Saturday, November 06, 2004
(11:12 AM) | Anonymous:
A De Facto Guest Post
But as participation by any bloggers other than Adam, Robb, and Anthony is spotty at best, I suppose I shouldn't feel too bad about my inability to post regularly.Adam's commented on this several times, more eloquently than i'm going to, but really, can't we just put to bed the idea that there's not all that much difference between the Republican and Democratic parties? On social issues I don't think anyone would argue there's any comparison, Kerry's goofy having-it-both-ways position on gay marriage notwithstanding. As for the war in Iraq, does anyone really think we'd be there right now if -any- Democrat were in office? That so many congressional Democrats voted to give the president the authority to wage war is a black mark on the party, certainly, but arguing about why the Democrats failed to put up more opposition and painting them with the same militarist brush as the Republicans seem like two different things.
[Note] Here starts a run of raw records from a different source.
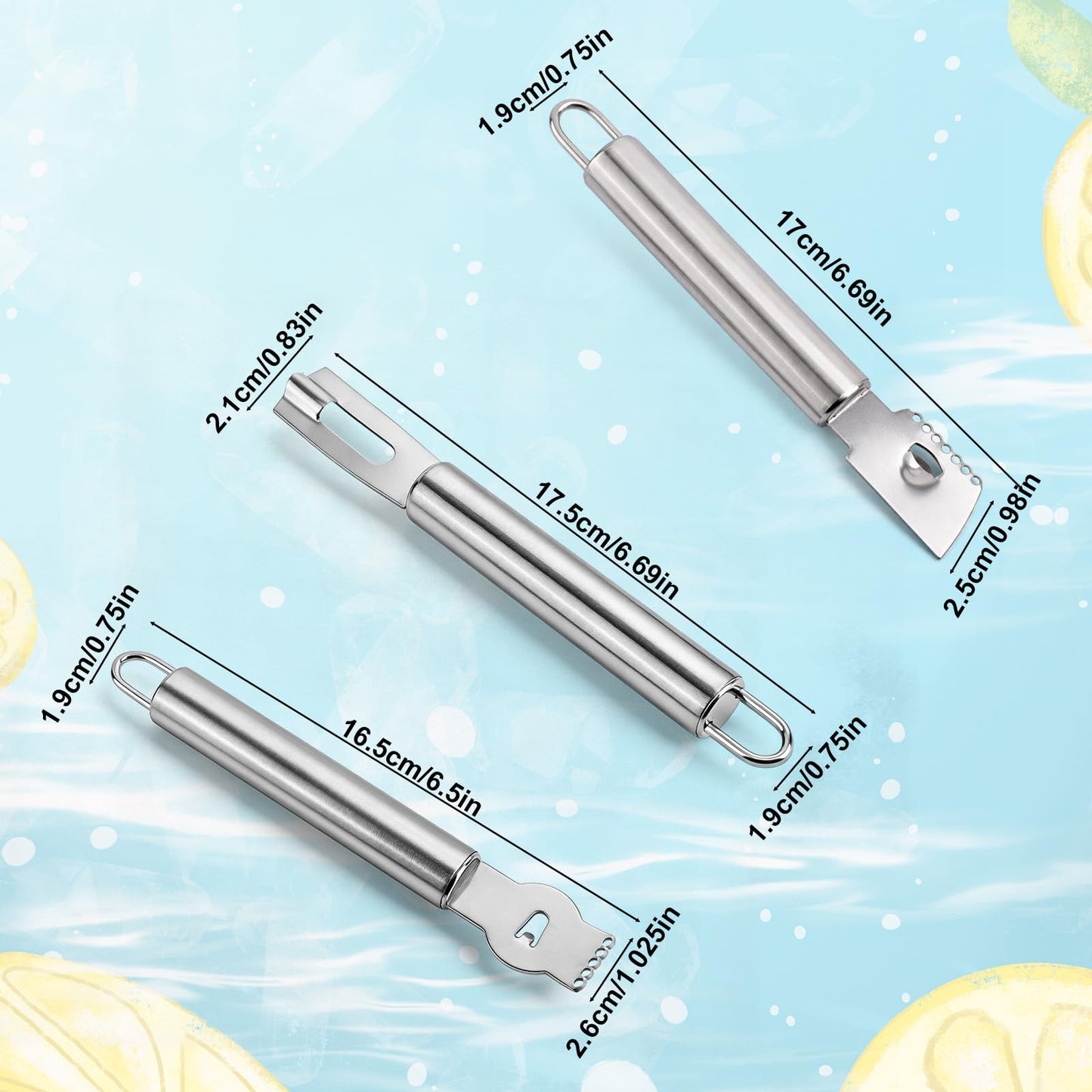 3pcs Lemon Zester, Peeler & Channel Knife Set, Stainless Steel Citrus Fruit Peeler Zester Grater Tool Practical Kitchen Bar Cutter Tool for Cocktail Garnishes Food Presentation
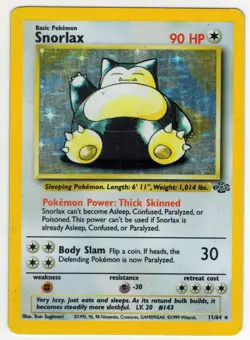 Snorlax 11/64- Jungle Unlimited Pokemon Card Holo - Damaged with Crease! - Image 1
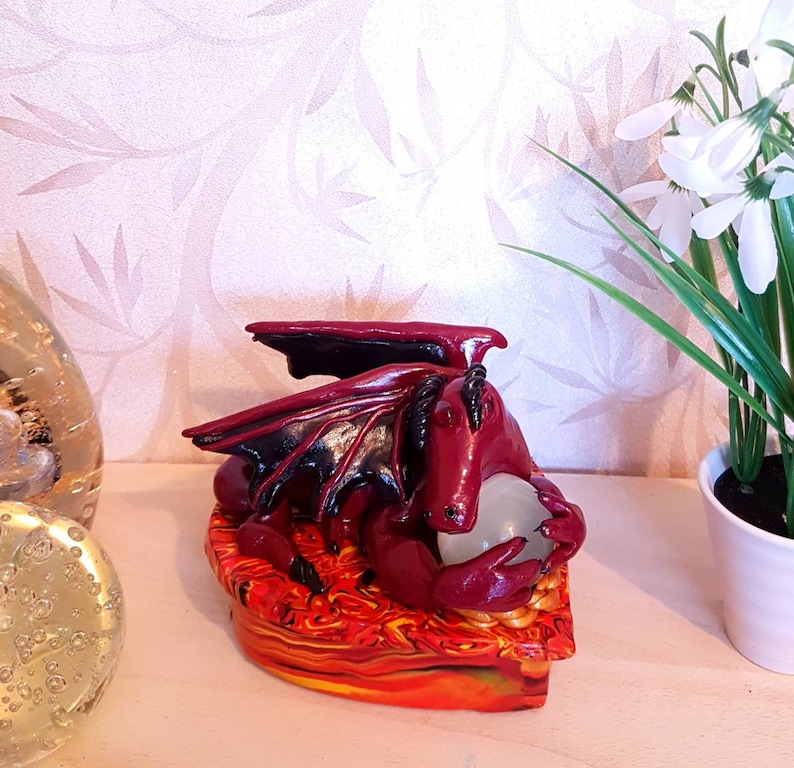 Fimo Box Gift Box Jewelry Box Storage Box Dragon Box Polymer Clay Box Keepsake Box Red Dragon Statue Dragon Ornament Trinket Box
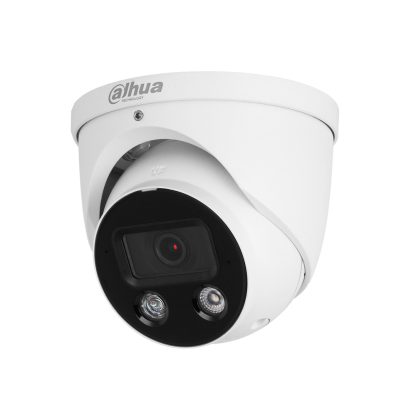 Camera supraveghere Dome IP cu iluminare duala Dahua WizSense Active Deterrence IPC-HDW3849H-AS-PV-0280B-S5, 8 MP, lumina alba/IR 30 m, 2.8 mm, microfon, slot card, PoE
That leaves economic issues, which are more problematic. That the Republicans' loony economic ideas have become part of the conventional wisdom in the last 20 years is a disaster for the country, and the world. That the Democrats have failed to mount much intellectual opposition to the ideas of a party that often seems to long for the halcyon days leading up to the Great Depression is tragic. Tax cuts are the -only- way to grow an economy? What? Democrats are the ones responsible for huge deficits? (Who are these deficit-loving Democratic presidents? When were they in office?)
But anger at the Democrats seems to run deeper than this, more for their inability to put forth a radically progresseive reworking of our economy. I'm all for that, but the only time there's been any sort of consensus for such measures was following the Great Depression, an economic cataclysm which no one in our generation can even imagine, and then World War II, which left most of the industrialized world in ruins. For me, at least, all the impetus for things like broadly progressive tax codes, a generous welfare state, universal healthcare, and the like, stem from these two events. Even European social welfare states seem to owe far more to the devastation from the Depression and World War II than from any deep-seated historical antecedents (how could they? Germany and Italy, to name two, didn't even exist in their present forms until the 19th century.)
All of this adds up to some pretty mushy conclusions: Democrats are -not- Republicans, and while there's infinitely more the Democrats could be doing, I wonder if there's not still a ceiling to what they can achieve. Mostly, I just find some of the conclusions we seem to be drawing on this blog pretty unsatisfying--"Fuck this, both parties are worthless"; "When the revolution comes in 50 years, it's going to be pretty sweet"; and maybe worst of all, "Things could be worse/both parties are the same, that's ok".
so now everyone can be irritated with me.